Visto desta democracia, e por mais defeitos que se atribuam ao actual sistema, é difícil não achar repugnante um regime como o que Salazar manteve neste país. Foram décadas onde, em Portugal, se negou o direito de oposição ao governo, a tortura foi um método aceite para a recolha de informações, a imprensa esteve sujeita a censura, e se praticou a discriminação política no emprego. Mas quando vemos que alguns dos que condenam tudo isso no caso do salazarismo são os mesmos que nunca se incomodaram com as mesmas coisas na União Soviética ou em Cuba, percebemos que a indignação que o salazarismo neles provoca não se deve ao horror perante a ditadura, mas antes às causas que, segundo eles, a ditadura terá servido: o capitalismo e a igreja. Recordo um artigo de William Buckley a recomendar a Pinochet que se fizesse antiamericano, como são hoje Chávez e Mugabe. Seria a maneira de diminuir drasticamente o número dos seus críticos.

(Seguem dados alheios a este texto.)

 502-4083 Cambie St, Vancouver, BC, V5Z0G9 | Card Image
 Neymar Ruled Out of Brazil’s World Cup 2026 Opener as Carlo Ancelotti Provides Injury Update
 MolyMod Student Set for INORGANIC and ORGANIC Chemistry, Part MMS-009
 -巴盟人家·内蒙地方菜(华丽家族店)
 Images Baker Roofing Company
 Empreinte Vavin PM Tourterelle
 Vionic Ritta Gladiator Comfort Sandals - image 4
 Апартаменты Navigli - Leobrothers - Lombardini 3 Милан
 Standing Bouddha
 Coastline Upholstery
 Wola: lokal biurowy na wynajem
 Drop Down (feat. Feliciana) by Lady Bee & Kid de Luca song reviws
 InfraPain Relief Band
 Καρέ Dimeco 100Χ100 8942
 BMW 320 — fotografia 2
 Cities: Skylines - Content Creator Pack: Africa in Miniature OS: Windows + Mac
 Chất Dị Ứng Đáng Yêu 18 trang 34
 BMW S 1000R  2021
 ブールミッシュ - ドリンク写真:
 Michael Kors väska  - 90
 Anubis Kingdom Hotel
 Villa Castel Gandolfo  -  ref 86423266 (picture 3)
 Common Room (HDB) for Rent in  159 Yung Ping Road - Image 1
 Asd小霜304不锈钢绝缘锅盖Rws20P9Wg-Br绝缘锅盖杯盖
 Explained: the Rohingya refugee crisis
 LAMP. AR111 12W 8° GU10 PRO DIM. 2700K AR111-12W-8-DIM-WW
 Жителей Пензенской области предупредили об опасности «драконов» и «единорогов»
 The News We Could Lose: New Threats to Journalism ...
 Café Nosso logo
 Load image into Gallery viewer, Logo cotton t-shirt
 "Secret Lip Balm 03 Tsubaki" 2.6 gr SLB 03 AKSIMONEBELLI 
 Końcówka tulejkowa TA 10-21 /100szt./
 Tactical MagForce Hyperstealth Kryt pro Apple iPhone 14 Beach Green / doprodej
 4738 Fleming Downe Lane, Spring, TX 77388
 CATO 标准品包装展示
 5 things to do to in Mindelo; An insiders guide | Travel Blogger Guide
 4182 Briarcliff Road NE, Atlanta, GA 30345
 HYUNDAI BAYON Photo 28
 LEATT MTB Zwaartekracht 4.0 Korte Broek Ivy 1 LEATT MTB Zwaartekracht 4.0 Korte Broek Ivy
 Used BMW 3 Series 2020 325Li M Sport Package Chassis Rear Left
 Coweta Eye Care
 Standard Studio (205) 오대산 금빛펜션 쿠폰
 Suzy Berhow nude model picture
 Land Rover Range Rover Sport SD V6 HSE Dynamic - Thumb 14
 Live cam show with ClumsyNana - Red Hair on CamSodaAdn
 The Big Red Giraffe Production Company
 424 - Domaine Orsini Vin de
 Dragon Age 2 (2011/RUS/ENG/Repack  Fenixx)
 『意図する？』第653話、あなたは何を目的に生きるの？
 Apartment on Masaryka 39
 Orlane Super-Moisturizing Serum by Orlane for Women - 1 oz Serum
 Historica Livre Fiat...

Tudo isto nos remete para uma época da história portuguesa em que o que importava, num regime, não era a maior ou a menor liberdade que esse regime garantia, mas a sua finalidade facciosa. Salazar gostava de lembrar que, sob a I República, tinha sido vítima de censura, e que em 1919 estivera para ser saneado por delito de opinião. Mas não se importou, uma vez no poder, de sujeitar os seus adversários ao mesmo, tal como alguns destes haveriam de fazer durante o PREC, em 1975, segundo revelou o edificante Relatório da Comissão de Averiguação de Violências sobre Presos Sujeitos às Autoridades Militares. Salazar e os seus adversários pensavam em termos de guerra civil. Em 1926, Raul Proença, um dos mais liberais entre os republicanos, reconheceu que "é preciso ser cruel para alguns, para bem da pátria", e advertiu os seus correligionários a propósito da atitude a ter para com os que estavam do outro lado: "Se não ousais, eles ousarão um dia. Se os não subjugardes, eles vos subjugarão. É deste hoje uma luta de vida ou de morte". Foi esta a tragédia portuguesa do século XX: um país em que era preciso censurar para não ser censurado, sanear para não ser saneado, prender para não ser preso. Foi deste país que nos livrámos desde 1976.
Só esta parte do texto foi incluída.